MELATIH KEMAMPUAN KERJA TEKNIS
Hal lain yang juga perlu
dikembangkan menjadi kebiasaan di kalangan kaum muda kita ialah kemampuan untuk
bekerja teknis, detil atau rinci. “The devil is in the detail”, bukan
semata-mata dalam tataran konseptual yang bersifat umum dan sangat abstrak.

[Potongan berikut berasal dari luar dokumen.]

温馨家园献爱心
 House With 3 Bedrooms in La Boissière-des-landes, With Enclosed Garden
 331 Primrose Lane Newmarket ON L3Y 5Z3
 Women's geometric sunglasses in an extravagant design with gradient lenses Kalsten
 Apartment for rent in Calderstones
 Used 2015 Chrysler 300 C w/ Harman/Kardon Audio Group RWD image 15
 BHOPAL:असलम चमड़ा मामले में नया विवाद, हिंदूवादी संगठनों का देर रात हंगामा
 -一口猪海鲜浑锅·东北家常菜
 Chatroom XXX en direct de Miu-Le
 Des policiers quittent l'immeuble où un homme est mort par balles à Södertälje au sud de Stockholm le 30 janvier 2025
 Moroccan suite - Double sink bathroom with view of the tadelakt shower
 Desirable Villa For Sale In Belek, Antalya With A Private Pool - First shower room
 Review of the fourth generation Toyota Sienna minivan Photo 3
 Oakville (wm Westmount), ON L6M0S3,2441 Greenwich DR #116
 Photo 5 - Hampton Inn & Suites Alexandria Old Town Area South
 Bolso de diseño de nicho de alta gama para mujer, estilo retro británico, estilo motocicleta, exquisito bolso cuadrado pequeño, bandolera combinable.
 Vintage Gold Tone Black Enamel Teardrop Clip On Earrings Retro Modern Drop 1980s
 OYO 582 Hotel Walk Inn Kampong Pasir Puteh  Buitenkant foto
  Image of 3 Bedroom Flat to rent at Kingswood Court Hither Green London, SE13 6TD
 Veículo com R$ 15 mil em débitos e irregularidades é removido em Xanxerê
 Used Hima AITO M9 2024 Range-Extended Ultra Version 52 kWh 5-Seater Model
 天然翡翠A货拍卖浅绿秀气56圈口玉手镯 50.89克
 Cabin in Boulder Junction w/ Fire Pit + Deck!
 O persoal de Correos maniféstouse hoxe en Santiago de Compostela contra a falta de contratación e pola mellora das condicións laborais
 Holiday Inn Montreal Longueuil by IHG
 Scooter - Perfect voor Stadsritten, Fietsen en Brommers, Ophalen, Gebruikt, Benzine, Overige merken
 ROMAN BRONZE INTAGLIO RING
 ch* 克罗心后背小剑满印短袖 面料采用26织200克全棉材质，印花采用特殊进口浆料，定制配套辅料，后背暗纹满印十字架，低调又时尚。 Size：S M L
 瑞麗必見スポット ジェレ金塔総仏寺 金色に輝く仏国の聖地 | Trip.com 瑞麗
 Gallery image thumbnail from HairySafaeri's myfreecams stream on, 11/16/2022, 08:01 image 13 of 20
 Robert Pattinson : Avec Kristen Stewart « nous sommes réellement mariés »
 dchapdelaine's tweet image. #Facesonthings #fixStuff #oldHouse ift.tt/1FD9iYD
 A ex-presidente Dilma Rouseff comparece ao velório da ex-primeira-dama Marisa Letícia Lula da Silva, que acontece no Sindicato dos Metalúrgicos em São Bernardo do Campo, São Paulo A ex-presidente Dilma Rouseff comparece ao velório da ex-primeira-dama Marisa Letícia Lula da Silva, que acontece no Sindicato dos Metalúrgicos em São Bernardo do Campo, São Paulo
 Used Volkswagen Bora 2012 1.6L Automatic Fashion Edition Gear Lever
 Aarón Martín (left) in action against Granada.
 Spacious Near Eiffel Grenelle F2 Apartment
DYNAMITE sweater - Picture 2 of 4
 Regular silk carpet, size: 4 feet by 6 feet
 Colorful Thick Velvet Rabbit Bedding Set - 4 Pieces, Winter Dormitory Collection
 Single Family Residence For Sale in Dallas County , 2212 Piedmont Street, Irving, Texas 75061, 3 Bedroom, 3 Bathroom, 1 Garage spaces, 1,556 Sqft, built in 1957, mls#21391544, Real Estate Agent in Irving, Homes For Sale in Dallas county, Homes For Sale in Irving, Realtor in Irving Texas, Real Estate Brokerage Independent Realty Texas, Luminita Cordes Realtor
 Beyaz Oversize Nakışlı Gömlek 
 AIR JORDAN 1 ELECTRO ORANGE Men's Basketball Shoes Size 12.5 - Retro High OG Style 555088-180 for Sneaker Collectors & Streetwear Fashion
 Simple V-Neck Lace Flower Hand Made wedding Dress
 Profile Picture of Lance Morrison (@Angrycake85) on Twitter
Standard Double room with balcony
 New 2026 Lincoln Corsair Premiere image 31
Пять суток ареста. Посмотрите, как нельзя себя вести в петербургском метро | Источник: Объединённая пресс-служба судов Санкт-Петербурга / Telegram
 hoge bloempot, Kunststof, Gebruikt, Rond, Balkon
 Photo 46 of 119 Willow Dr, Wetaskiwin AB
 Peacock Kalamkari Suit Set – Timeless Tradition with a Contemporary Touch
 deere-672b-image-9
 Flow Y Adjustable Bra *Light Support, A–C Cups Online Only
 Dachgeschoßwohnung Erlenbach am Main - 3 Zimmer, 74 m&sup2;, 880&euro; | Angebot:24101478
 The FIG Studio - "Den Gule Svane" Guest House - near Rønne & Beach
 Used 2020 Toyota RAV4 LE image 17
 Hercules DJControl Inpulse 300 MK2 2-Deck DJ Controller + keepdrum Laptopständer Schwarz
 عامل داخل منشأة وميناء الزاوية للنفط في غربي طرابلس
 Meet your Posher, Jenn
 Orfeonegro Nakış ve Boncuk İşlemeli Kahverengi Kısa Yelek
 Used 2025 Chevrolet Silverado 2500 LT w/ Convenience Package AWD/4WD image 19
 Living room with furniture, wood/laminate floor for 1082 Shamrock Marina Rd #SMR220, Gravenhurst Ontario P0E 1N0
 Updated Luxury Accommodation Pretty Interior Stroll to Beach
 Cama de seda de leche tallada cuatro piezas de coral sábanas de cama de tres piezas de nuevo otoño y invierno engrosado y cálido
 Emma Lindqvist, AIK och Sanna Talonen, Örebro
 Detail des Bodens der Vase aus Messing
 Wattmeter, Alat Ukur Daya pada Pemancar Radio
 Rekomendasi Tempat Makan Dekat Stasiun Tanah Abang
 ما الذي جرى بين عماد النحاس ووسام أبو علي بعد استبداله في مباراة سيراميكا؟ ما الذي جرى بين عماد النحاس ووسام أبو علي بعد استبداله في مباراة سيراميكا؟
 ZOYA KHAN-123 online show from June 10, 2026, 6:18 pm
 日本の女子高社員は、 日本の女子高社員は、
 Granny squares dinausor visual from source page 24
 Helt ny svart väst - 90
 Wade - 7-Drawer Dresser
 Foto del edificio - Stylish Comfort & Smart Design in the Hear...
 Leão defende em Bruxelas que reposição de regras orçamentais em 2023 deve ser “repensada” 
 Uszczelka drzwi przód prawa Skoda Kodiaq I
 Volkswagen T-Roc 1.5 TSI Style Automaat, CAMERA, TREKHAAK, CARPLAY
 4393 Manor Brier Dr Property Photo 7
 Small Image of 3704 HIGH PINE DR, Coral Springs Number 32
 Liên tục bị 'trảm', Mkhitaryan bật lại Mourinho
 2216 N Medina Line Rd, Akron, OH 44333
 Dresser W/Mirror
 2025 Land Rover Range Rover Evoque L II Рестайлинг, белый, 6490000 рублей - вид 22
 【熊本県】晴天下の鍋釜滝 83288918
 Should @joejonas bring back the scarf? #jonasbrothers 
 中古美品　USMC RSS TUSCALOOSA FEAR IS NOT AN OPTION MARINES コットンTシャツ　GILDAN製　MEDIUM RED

Dalam suasana sistim demokrasi yang membuka luas ruang kebebasan dewasa ini,
gairah politik di kalangan kaum muda sangat bergejolak. Namun, dalam wacana
perpolitikan, biasanya berkembang luas kebiasaan untuk berpikir dalam
konsep-konsep yang sangat umum dan abstrak. Pidato-pidato, ceramah-ceramah,
perdebatan-perdebatan di ruang-ruang publik biasanya diisi oleh berbagai wacana
yang sangat umum, abtrask dan serba enak didengar dan indah dipandang. Akan
tetapi, semua konsep-konsep yang bersifat umum dan abstrak itu baru bermakna
dalam arti yang sebenarnya, jika ia dioperasionalkan dalam bentuk-bentuk
kegiatan yang rinci.
Sebaiknya, kaum muda
Indonesia, untuk berperan produktif di masa depan, hendaklah melengkapi diri
dengan kemampuan yang bersifat teknis dan mendetil agar dapat menjamin
benar-benar terjadinya perbaikan dalam kehidupan bangsa dan negara kita ke
depan. Bayangkan, jika semua anak muda kita terjebak dalam politik dan hanya
pandai berwacana, tetapi tidak mampu merealisasikan ide-ide yang baik karena
ketiadaan kemampuan teknis, ketrampilan manajerial untuk merealisasikannya,
sungguh tidak akan ada perbaikan dalam kehidupan kebangsaan kita ke depan.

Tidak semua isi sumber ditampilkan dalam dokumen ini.